# Task to complete
Beginning with the line that contains "A model wearing", retype the entries below exactly, ending with the line that contains "a blue bedroom". Leave out any pictures.

# Data section
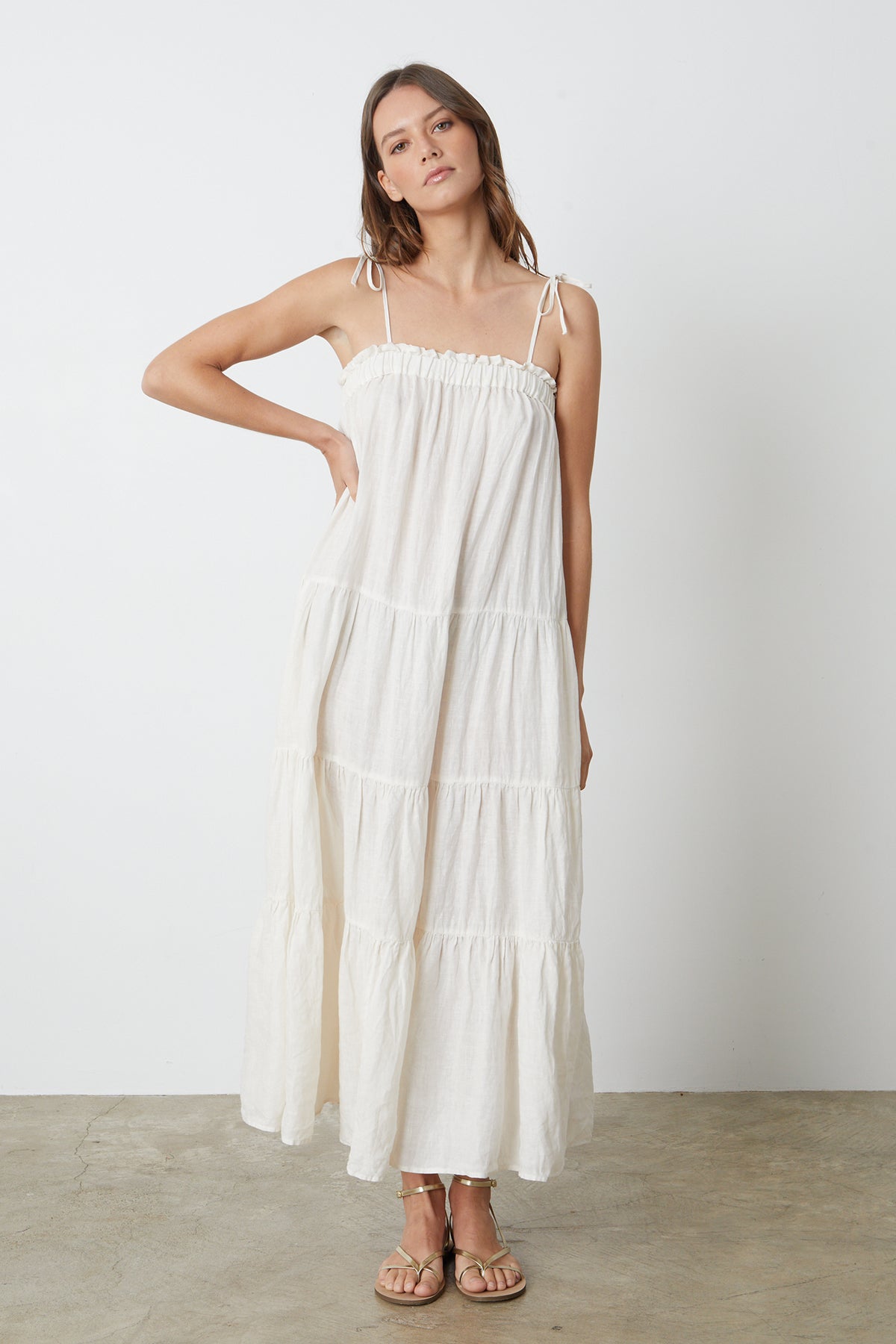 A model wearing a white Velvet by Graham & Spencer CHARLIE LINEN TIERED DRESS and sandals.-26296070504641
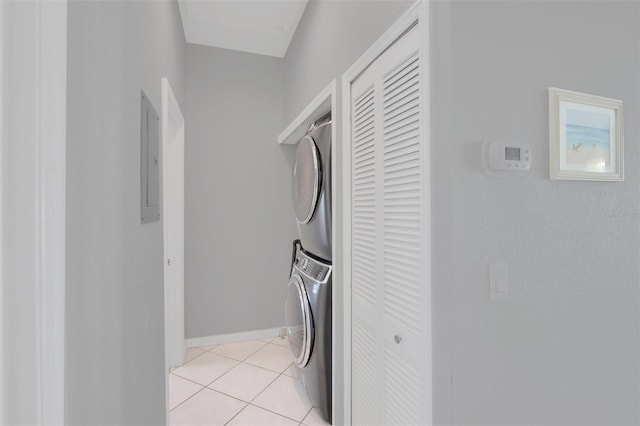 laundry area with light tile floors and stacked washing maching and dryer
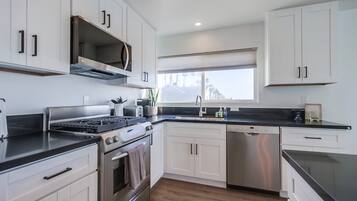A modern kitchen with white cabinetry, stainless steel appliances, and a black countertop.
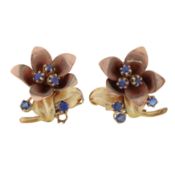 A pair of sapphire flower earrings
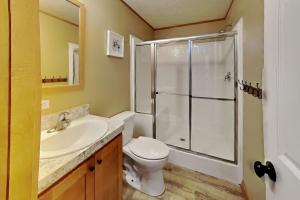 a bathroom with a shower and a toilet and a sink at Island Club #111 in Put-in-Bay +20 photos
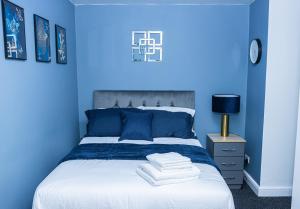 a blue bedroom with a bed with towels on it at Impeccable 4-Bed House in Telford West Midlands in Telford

...

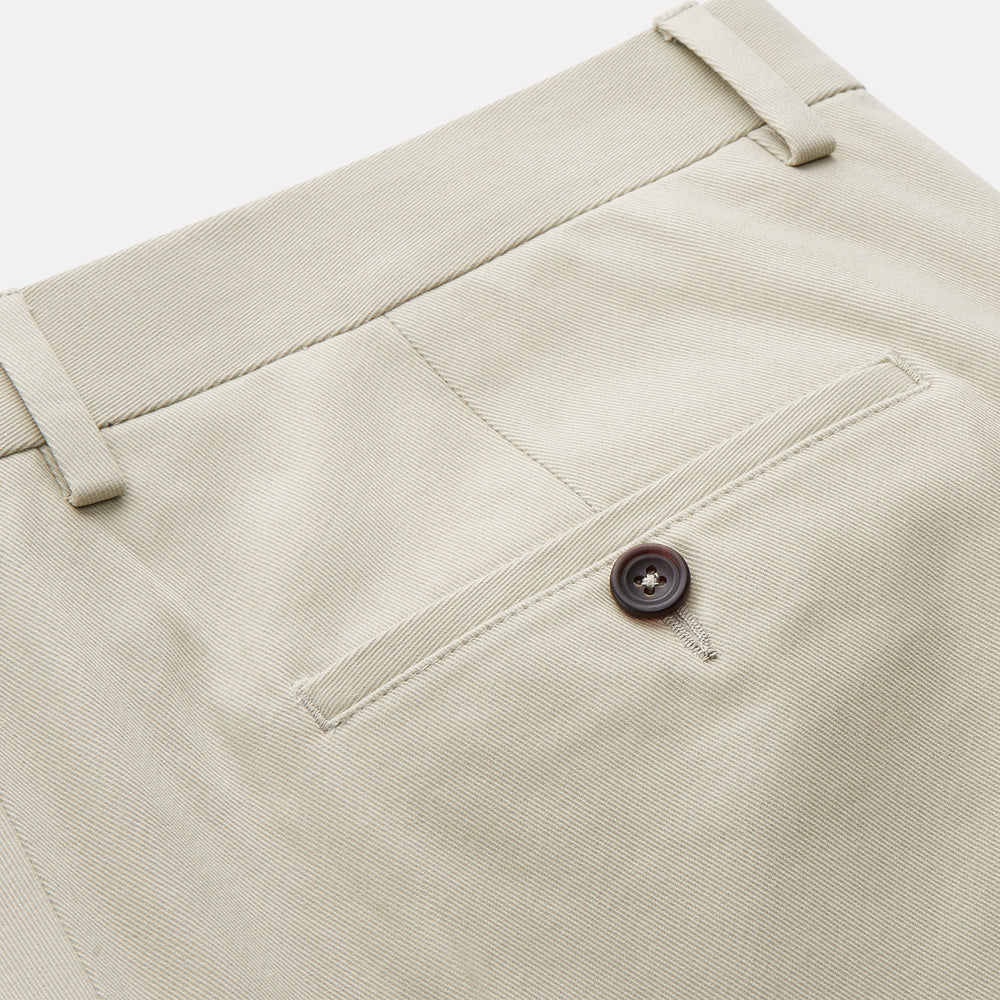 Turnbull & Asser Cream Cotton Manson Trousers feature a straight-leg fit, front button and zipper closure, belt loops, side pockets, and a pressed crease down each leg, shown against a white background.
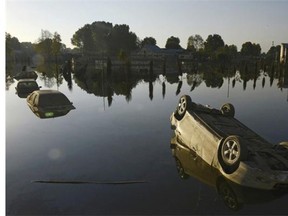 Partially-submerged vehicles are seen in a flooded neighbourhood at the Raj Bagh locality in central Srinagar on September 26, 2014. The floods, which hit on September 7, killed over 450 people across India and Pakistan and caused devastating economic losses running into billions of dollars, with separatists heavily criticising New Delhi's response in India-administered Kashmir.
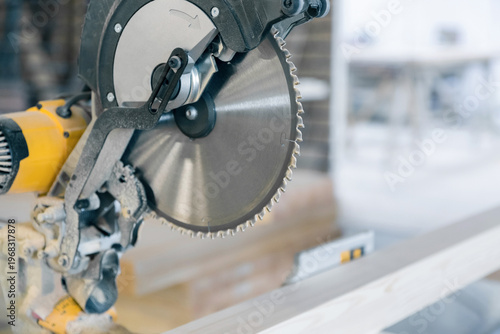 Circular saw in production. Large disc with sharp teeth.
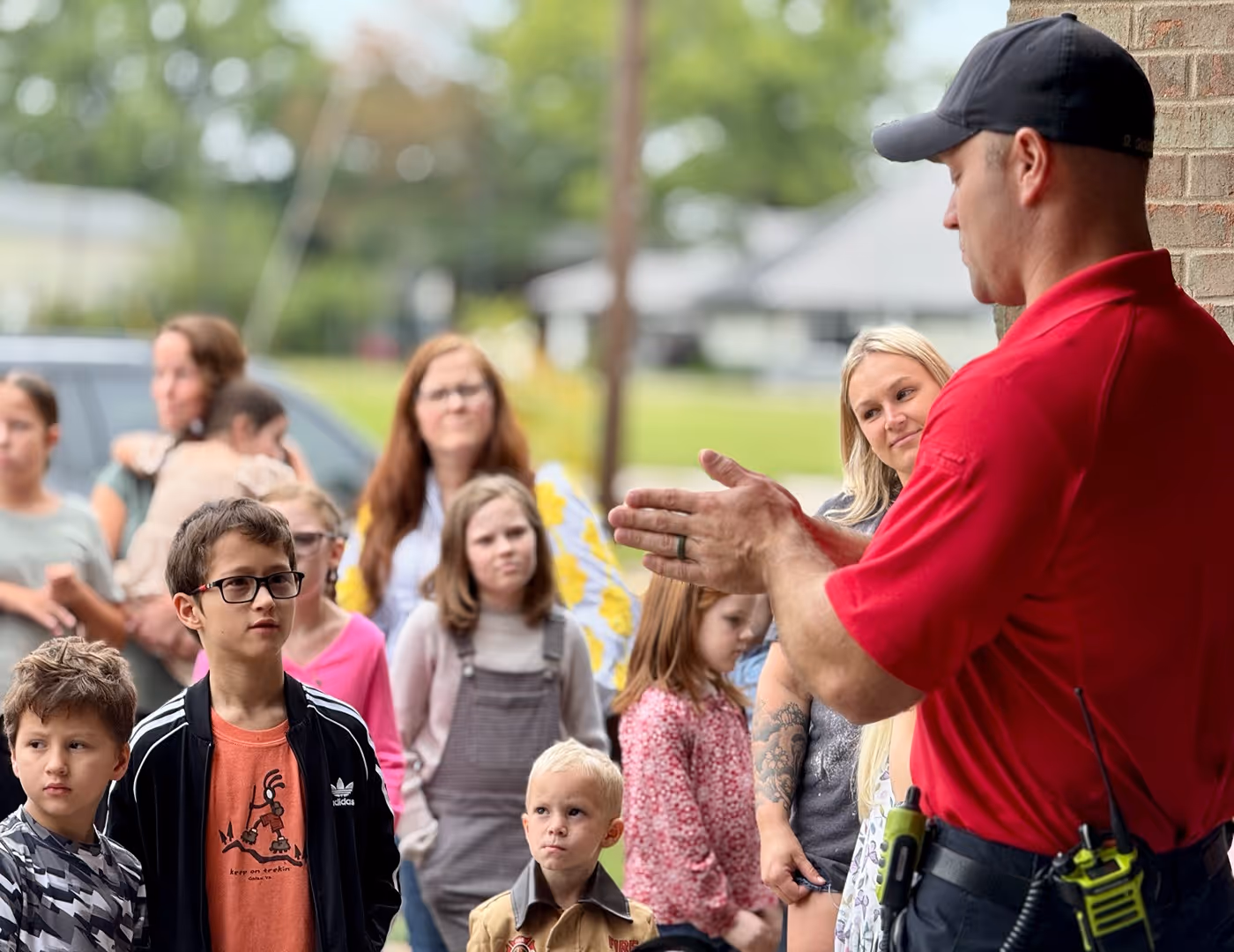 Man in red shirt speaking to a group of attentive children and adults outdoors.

# Exercise output
 A model wearing a white Velvet by Graham & Spencer CHARLIE LINEN TIERED DRESS and sandals.-26296070504641
 laundry area with light tile floors and stacked washing maching and dryer
A modern kitchen with white cabinetry, stainless steel appliances, and a black countertop.
 A pair of sapphire flower earrings
 a bathroom with a shower and a toilet and a sink at Island Club #111 in Put-in-Bay +20 photos
 a blue bedroom with a bed with towels on it at Impeccable 4-Bed House in Telford West Midlands in Telford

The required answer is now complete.